The real question facing us is whether this government will obey the normal conventions and heed the unease coming from focus groups and opinion polls. On this point, there are increasing indications that upholding democracy is not uppermost in ministerial minds. Mahuta still hasn’t got the message that her Three Waters blueprint should be re-thought; she has not ruled out using the government’s majority to force it through the House, thereby risking massive resistance. Her same shifty behaviour is at work over He Puapua, the blueprint that would see the 16% of Maori command 50% of the power in the country. She still hasn’t taken the report to cabinet, preferring instead to enact it by ministerial stealth.

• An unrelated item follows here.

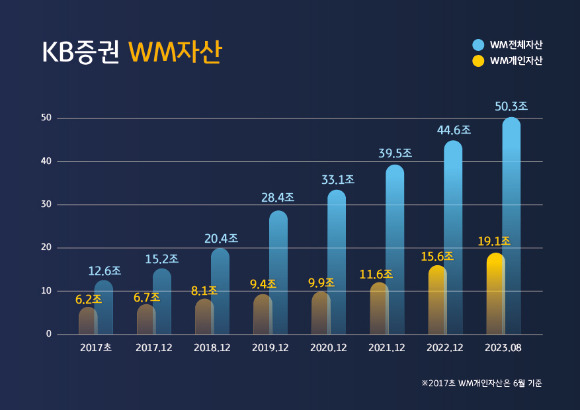 KB증권이 WM(자산관리)자산이 50조원을 돌파했다고 21일 발표했다. [사진=KB증권]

This is the first government in my lifetime that hasn’t worried about money. Borrowing and using the printing press has all the appeal to Grant Robertson of mother’s milk. Our debt mounts, with rising interest rates inevitably going to push up the cost of servicing it. The availability of money, coupled with a completely absent sense of constitutional propriety, appear to offer the divine intervention Ardern and Robertson need going forward. Their gig is to bribe the media in the run-up to the next election in the hope that they will save Labour. This is happening in two ways. First, the direct distribution of cash from the Public Interest Journalism Fund aimed at keeping the media on side until the next election. All the big daily papers have dipped into it already, and applications are now open for a further swag of taxpayer money. The second way the government is trying to keep the media on side is by over-paying them for printing the masses of Covid announcements. I’m reliably informed that the government negotiated none of the regular discounts available to those who advertise on a grand scale in newspapers and TV. The expectation is that none of the media greedies will bite the government hand that feeds them. Or not very hard.

If my information is correct, it is corruption, pure and simple. In normal circumstances there would be rebellion. But in the topsy-turvy world of this pandemic, I’m not sure that anyone any longer cares much about constitutional propriety.